Dr. Cox begins the discussion of his research career with his residency. He explains that hypotheses in clinical research derive from the care of patients. Survival is the “immutable endpoint” that determines whether a treatment is successful, but survival does not tell you why a treatment is successful. Early in his career, Dr. Cox developed an approach to determine why treatments succeed, though he observes that many of the questions he asks about patterns of failure are irrelevant from other perspectives (e.g. medical oncology).

Dr. Cox describes studies done in the 70s with lung cancer to determine why treatments failed. When he became involved in the Radiation Therapy Oncology Group (RTOG) his style of designing studies influenced the group. All of the ROTG studies during his ten years with the group used survival as the endpoint. Returning to his residency years, Dr. Cox talks about his studies of cancer of the breast and cervix. Dr. Cox notes that his view of clinical trials was strongly influenced by his mentor, Dr. Juan del Regato.

Identifier

CoxJ_02_20130412_C08

Publication Date

4-12-2013

City

Houston, Texas

Topics Covered

The Interview Subject's Story - The Researcher; The Researcher; Overview; Definitions, Explanations, Translations; MD Anderson Culture; On Research and Researchers; Understanding Cancer, the History of Science, Cancer Research; Understanding Cancer, the History of Science, Cancer Research; The History of Health Care, Patient Care; Patients, Treatment, Survivors; Healing, Hope, and the Promise of Research; On Research and Researchers

Transcript

Tacey Ann Rosolowski, PhD:

This is Tacey Ann Rosolowski, and today I’m at the Proton Therapy Center in the office of Dr. James Cox, and we’re in our second session. The time is about 11:25, and the date is April 12, 2013. So thank you Dr. Cox for agreeing to do this session. We were strategizing before I turned on the recorder and decided that today would be a good day to devote to the discussion of the research that you have done. I’m hoping that we can go back to fairly early—the research that you first conducted when you first came to MD Anderson and even if there’s a relevance in tracing the roots of that in your previous positions and tracing the evolution of that research career and story.

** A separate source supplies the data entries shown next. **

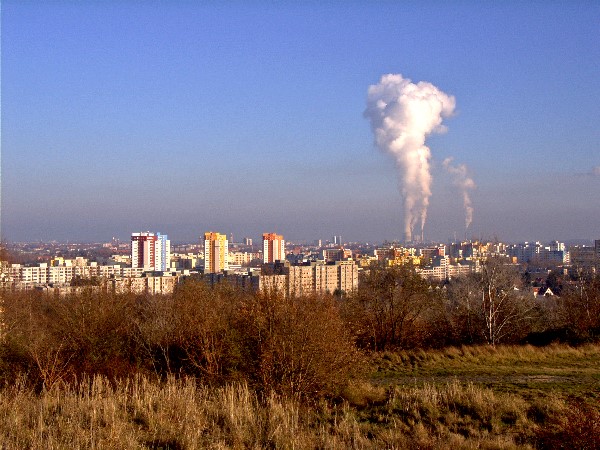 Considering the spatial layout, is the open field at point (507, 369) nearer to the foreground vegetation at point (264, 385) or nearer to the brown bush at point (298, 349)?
the foreground vegetation at point (264, 385)

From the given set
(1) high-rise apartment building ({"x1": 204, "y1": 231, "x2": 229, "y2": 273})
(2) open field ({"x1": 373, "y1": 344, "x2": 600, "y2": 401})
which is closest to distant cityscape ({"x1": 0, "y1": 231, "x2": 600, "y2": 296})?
(1) high-rise apartment building ({"x1": 204, "y1": 231, "x2": 229, "y2": 273})

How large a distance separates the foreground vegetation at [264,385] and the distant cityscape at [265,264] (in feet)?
4.56

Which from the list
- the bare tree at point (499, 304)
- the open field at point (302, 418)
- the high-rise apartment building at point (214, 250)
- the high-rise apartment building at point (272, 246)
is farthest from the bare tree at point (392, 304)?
the high-rise apartment building at point (272, 246)

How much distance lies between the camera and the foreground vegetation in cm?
927

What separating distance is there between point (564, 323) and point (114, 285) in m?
19.3

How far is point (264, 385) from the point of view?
12.5m

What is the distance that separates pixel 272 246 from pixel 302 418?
5330 inches

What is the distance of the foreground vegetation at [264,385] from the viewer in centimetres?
927

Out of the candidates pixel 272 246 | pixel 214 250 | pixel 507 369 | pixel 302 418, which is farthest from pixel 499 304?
pixel 272 246

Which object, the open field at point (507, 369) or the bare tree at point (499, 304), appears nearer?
the open field at point (507, 369)

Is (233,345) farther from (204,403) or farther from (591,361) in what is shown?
(591,361)

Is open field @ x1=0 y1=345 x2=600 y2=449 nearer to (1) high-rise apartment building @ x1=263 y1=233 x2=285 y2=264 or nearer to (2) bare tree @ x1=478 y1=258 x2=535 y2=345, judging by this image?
(2) bare tree @ x1=478 y1=258 x2=535 y2=345

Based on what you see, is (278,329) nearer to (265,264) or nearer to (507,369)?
(507,369)

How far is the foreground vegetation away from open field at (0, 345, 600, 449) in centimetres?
4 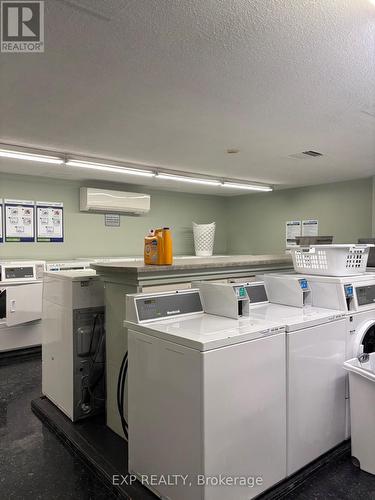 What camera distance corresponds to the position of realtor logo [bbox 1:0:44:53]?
169 cm

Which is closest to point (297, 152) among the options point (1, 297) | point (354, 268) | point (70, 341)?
point (354, 268)

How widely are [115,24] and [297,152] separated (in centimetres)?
283

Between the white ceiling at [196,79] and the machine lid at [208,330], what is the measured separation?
1532 mm

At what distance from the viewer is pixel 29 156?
156 inches

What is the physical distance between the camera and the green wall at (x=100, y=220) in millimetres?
5293

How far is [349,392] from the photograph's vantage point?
94.8 inches

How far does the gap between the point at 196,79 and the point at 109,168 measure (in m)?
2.55

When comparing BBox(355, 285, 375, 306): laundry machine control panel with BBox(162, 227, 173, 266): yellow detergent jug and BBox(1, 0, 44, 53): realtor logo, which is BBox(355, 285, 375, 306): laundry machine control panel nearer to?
BBox(162, 227, 173, 266): yellow detergent jug

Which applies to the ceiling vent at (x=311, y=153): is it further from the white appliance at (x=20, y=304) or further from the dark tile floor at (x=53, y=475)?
the white appliance at (x=20, y=304)

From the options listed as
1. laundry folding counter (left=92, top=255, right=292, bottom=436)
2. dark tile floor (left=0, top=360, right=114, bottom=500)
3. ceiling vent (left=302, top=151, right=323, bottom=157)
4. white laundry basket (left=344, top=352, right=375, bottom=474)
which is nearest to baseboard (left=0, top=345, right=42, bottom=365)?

Tacey Ann Rosolowski, PhD:

We were strategizing before I turned on the recorder and decided that today would be a good day to devote to the discussion of the research that you have done. I’m hoping that we can go back to fairly early—the research that you first conducted when you first came to MD Anderson and even if there’s a relevance in tracing the roots of that in your previous positions and tracing the evolution of that research

James D. Cox, MD:

Well it starts back as early as my residency, and it is all clinical research. Now a side comment about clinical research is that it is not very highly respected academically.

Tacey Ann Rosolowski, PhD:

Yeah, you were talking about the last time we spoke.

James D. Cox, MD:

So for somebody to spend a career doing that, you could say, “Well, that’s a lot of wasted time.” And it is if you look at it from the point of view of a basic scientist, where to design a discrete experiment in the laboratory, carry it out over a period of weeks or months or maybe a couple years, and then have a paper to write or more papers to write because the research has been based on a specific hypothesis. Now in clinical research, I think the hypothesis derives, at least to a considerable degree, from the care of patients. And I think in caring for patients, one comes up against questions that are not adequately answered. One can develop a hypothesis about what that might be.

Tacey Ann Rosolowski, PhD:

Can you give me an example?

James D. Cox, MD:

Well an example that goes back far but also comes to the present time is when people do clinical trials, the ultimate endpoint is survival. And that is an immutable endpoint. Nobody can argue with being alive or dead. Any of the other endpoints are less crisp, I guess—they’re not as definitive. Well that tells you whether you have been successful in a certain kind of treatment, but it doesn’t tell you anything about why. And so early on I developed an approach that said, “Okay. If we’re failing in treatment, why are we failing? Is it because we have not eradicated the local tumor? Is it because if we were treating with radiation therapy, we have not had a large enough field so the tumor’s recurred at the margin of the field that we treated? Or the tumor has spread.” Now in some quarters—and I think this is true in much of medical oncology—those questions are immaterial because their paradigm for the treatment of cancer is leukemia, which is disseminated from the very beginning. And so they don’t find it very useful to ask about patterns of failure. But I’ve been doing that all of my career, and I can continue to be doing that with the proton effort now. We’ve uncovered some interesting things. If you fail to eradicate the local tumor, is it because the dose—I’m talking now entirely about radiation therapy—is it because the dose was not enough? Or was there uncertainty in the dose distribution? And of course disseminated disease speaks for itself. Well I started to this with cancer of the lung in the 1970s.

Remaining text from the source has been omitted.